Jeder Schritt zählt
Körperliche Aktivität ist bei Rückenschmerzen ein Muss
(djd). Chronische Rückenschmerzen sind eine Volkskrankheit. Sie gelten heute als häufigster Grund für Krankschreibungen. Insbesondere ein durch einseitige Belastungen geprägter Lebensstil begünstigt Haltungsschäden. Die meisten Menschen bewegen sich zu wenig, gleichzeitig nimmt der Leistungsdruck zu: Man steht ständig "unter Strom". Das bedeutet, dass die Muskelspannung steigt und die Muskeln schneller ermüden. Um sich zu schützen versucht der Körper, Verspannungen und auftretende Schmerzen durch eine unnatürliche Schonhaltung zu vermindern. Ein Teufelskreis beginnt.
Muskulatur kräftigen
Damit es nicht so weit kommt, ist ein starker Rücken gefragt (http://www.special-rueckenschmerz.de). Schon kleine Aktivitäten reichen aus, um die Leistungsfähigkeit des gesamten Stütz- und Bewegungsapparats zu steigern und die Muskulatur zu kräftigen. Auch ein täglicher Spaziergang oder leichte Rückengymnastik sind wirkungsvoll. Entscheidend ist die Regelmäßigkeit. Ausdauersportarten, die die Muskeln gleichmäßig beanspruchen, wie Schwimmen, Radfahren, Nordic Walking, Wandern und Tanzen, sind besonders zu empfehlen. Ergänzende Entspannungstechniken wie Yoga und progressive Muskelentspannung können ebenfalls vor Rückenproblemen schützen.

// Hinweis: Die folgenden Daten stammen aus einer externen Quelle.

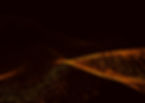 shutterstock_631636766_edited_edited.jpg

Schmerzabwehr unterstützen
Grundsätzlich gilt es, die Warnsignale des Körpers ernst zu nehmen und bei anhaltenden Beschwerden den Arzt zu Rate zu ziehen. Schwere Muskelverspannungen sollten im Rahmen einer multimodalen Therapie zeitweilig mit Medikamenten behandelt werden, um den Schmerz zu unterbrechen. Dies ermöglicht den Betroffenen, sich wieder zu bewegen, so dass sie die Muskulatur lockern und auf gesunde Weise beanspruchen können. Zur Behandlung akuter wie chronischer Spannungsschmerzen können Medikamente eingesetzt werden, die die körpereigene Schmerzabwehr unterstützen - wie beispielsweise Flupirtin in Trancolong. Der Wirkstoff vermindert die krankhaft gesteigerte Erregbarkeit der Nervenzellen und normalisiert den Muskeltonus. Schlägt die Behandlung an, können die Patienten mit einer vorsichtigen Bewegungstherapie beginnen.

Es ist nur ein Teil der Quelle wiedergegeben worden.